Former professional soccer players found more likely to have knee OA vs general population
WASHINGTON — Compared with the United Kingdom’s general population, former professional soccer players had a prevalence of knee pain, radiographic knee osteoarthritis and total knee replacement that was two- to three-times higher and occurred between 5 years and 20 years earlier, according to findings presented at the American College of Rheumatology Annual Meeting.
“Football, or soccer, is the world’s most popular team sport and it is a sport that is characterized by high intensity match play and training over a particularly prolonged period of time,” Gwen Fernandes, MD, clinical researcher in the Division of Rheumatology at the University of Nottingham School of Medicine, said during her presentation. “The average career of a professional footballer in the United Kingdom is approximately 13 years, so over this time, you have significant risk of injury.”

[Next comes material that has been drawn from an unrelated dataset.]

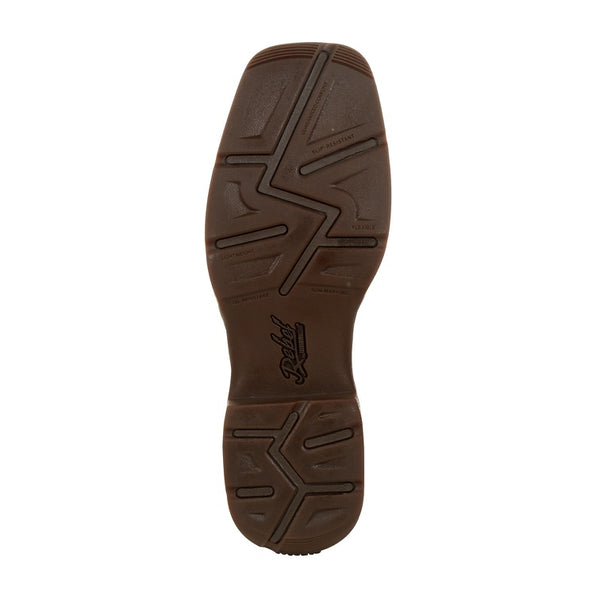 Durango DDB0314 Rebel™ Brown Distressed Falg Embroidery Western Boot sole view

Fernandes and colleagues recruited 1,207 former soccer players and 4,085 participants from the general population as controls. They examined radiographic knee osteoarthritis (RKOA) in a subset of 470 of the soccer players and 491 of the controls using the Nottingham Line Drawing Atlas (NLDA) scores and Kellgren Lawrence grading with a cut-off score of at least 3. The average age was 59 years for the soccer players and 62.8 years for the controls. In the univariate analysis, the researchers adjusted for age, BMI, knee injury, high-risk occupation, 2D4D digit ratio, self-reported constitutional knee alignment and nodal OA.
After adjusting for these risk factors, the researchers found the soccer players were 1.69-times more likely to develop RKOA compared with the controls. Across all age groups, soccer players reported more knee pain and knee pain close to 20 years earlier compared with controls. They also reported RKOA 20 years earlier and total knee replacement (TKR) 5 years earlier on average. In addition, soccer players were 2.79-times more likely to have a TKR; 2.62-times more likely to have a physician diagnosis of OA; and 1.78-times more likely to have radiographic chondrocalcinosis.
Employers should consider this risk in determining whether KOA should be compensated, the researchers wrote.
“If a professional player went on to become a builder, a mechanic or a carpet fitter, they still have this elevated risk of developing these certain knee OA outcomes,” Fernandes said. – by Will Offit
Fernandes G, et al. Abstract #2029. Presented at: American College of Rheumatology Annual Meeting; Nov. 11-16, 2016; Washington.
Disclosure: The researchers report no relevant financial disclosures.